Hold steady in Afghanistan

Issue 17 - Aug 2008
Shanthie Mariet D’Souza

Providing security to the ongoing Indian infrastructure projects thus remains a critical issue in Afghanistan. Given the enveloping insecurity, any amount of security cover appears only minimal. From November 2002 till about February 2006, a minuscule contingent of 40 Indo-Tibetan Border Police (ITBP) paramilitary personnel protected India’s embassy and four consulates.  However, following the killing of Border Roads Organisation (BRO) driver Maniappan Kutty in November 2005 and the subsequent threat by the Taliban demanding the withdrawal of Indian reconstruction workers, the Ministries of External Affairs (MEA) and Home Affairs (MHA) re-assessed the threat perception. Based on its recommendation, the Indian government sent around 300 ITBP troops to provide security to the BRO personnel. The ITBP personnel were specially trained in proximate security and were placed under a Commandant-rank officer. The commandos provided patrolling and escort security to BRO personnel working on infrastructure projects.  
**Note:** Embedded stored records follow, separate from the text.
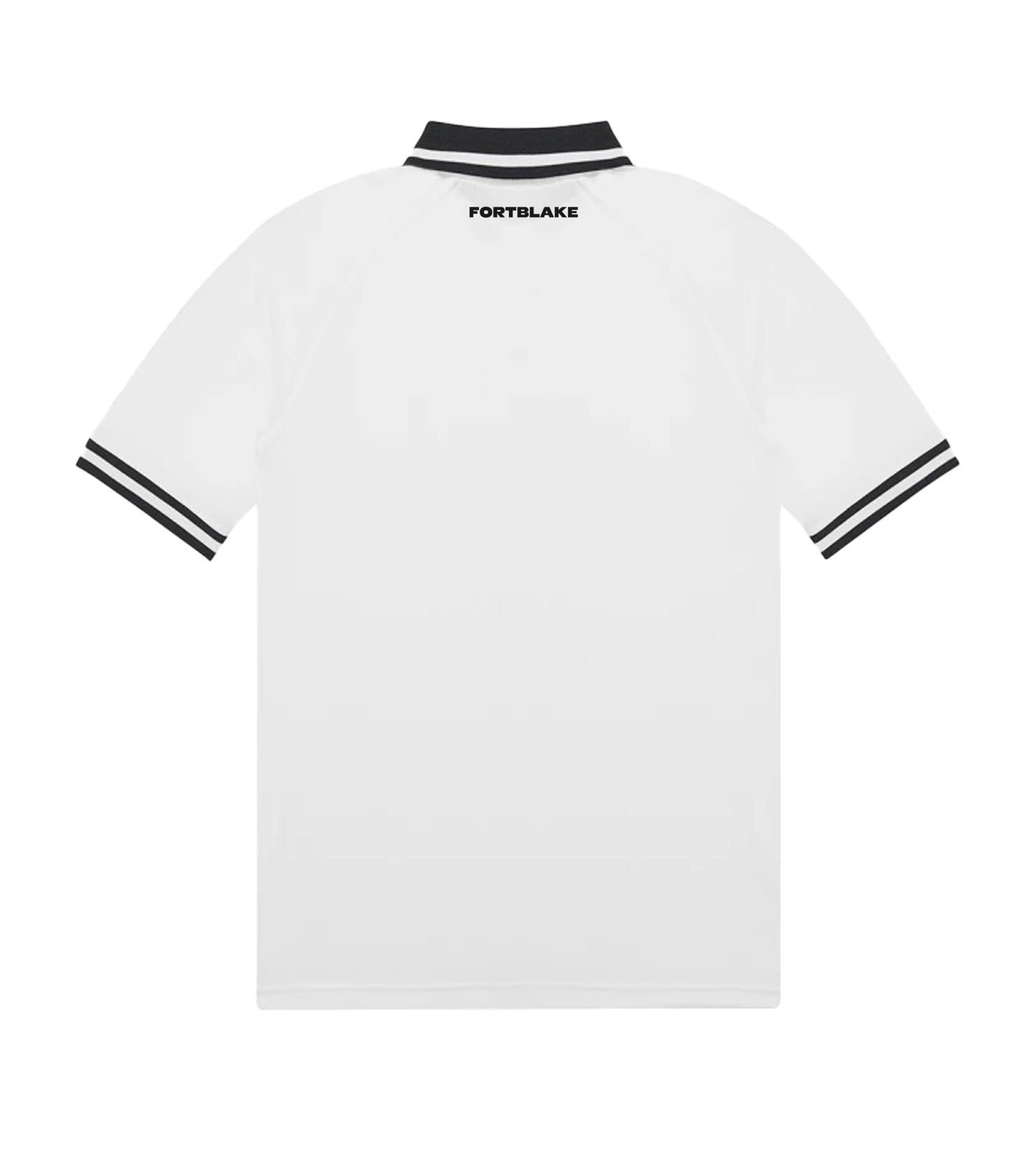 FORTBLAKE FOOTBALL JERSEY WHITE POLOSHIRT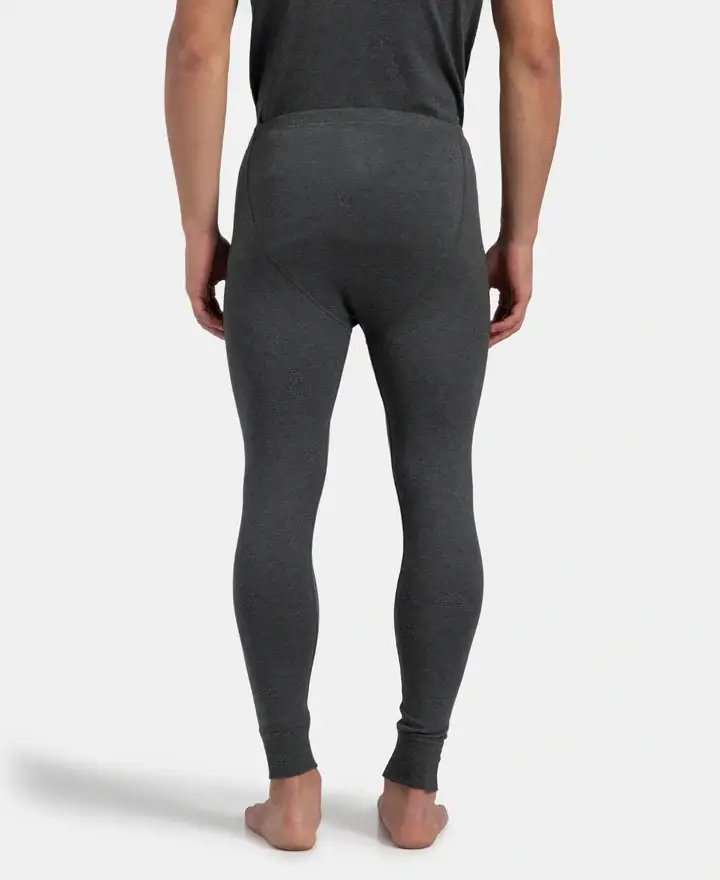 Jockey Men Cotton Rich Brushed Fabric Thermal Long John with StayWarm Technology - 2421 view 5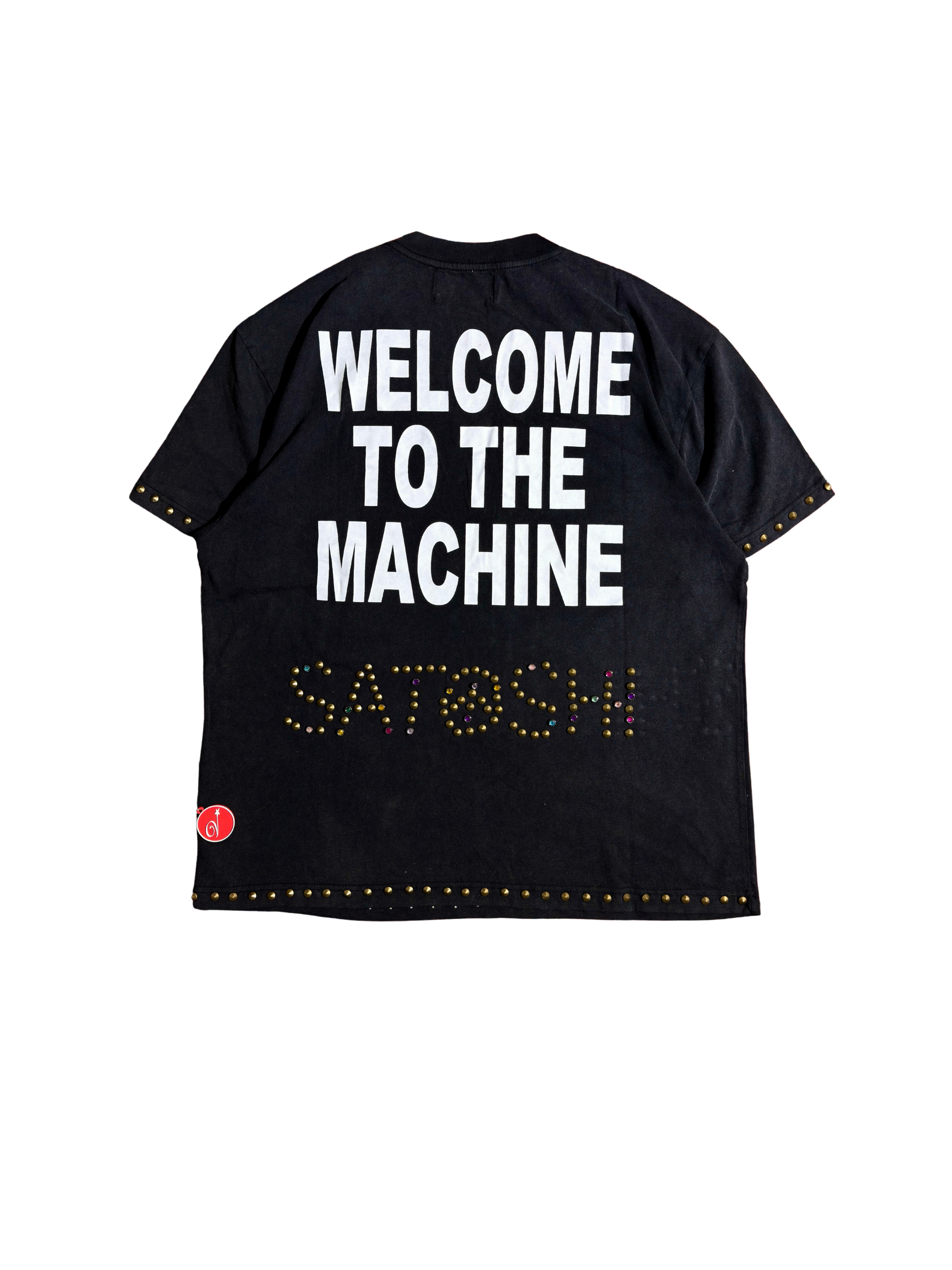 Satoshi Nakamoto "Welcome to the Machine" Tee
The task of providing security to the infrastructure projects appears even more gigantic due to their dispersed nature, mostly in the far flung areas of the country. The 300 BRO personnel who worked on the recently completed Zaranj-Delaram road link project in the insurgency afflicted provinces were provided security by 320 ITBP personnel and 1400 Afghan security guards, who have been increasingly targeted and killed. According to unconfirmed reports, around 30 rocket attacks have been made on BRO personnel engaged in building the stretch of the road across Nimroz in the first half of 2008 alone.

The ITBP security, however, is available only for the projects taken up by the Indian government and certainly not for the private Indian companies operating in Afghanistan. For example, the New Delhi-based Water and Power Consultancy Services (WPCS) working on the Salma dam projects had to manage with the available Afghan guards. A similar option is exercised by BSC/C&C, the largest Indian construction company in Kabul. However, unlike the BRO, this company which completed projects in southern Afghanistan, including the Herat-Kandahar link, has never come under any major attack.  

India must train Afghan forces, especially the Afghan police, to augment its counter-insurgency capabilities, vis-à-vis the Western nations who are more focussed on building the conventional capability of the ANA. India must invest more in human and economic capital in the Pashtun population in the southern and eastern part of Afghanistan that are most affected by the Taliban insurgency. Importantly, it must continue to weave its aid policy around greater Afghan participation and ownership for long-term feasibility of its development projects.

2 Replies to “Hold steady in Afghanistan”

  1. Veeru

    India itself needs to learn a lesson or two on anti insurgency/ terrorism related issue. Probably Israel will be the best nation to impart training to the Afghan forces.

    Investing heavily on human and economic capital is the only way out for the present. An economically strong nation sooner than later learns the importance of military might. Unfortunately the reverse is not true!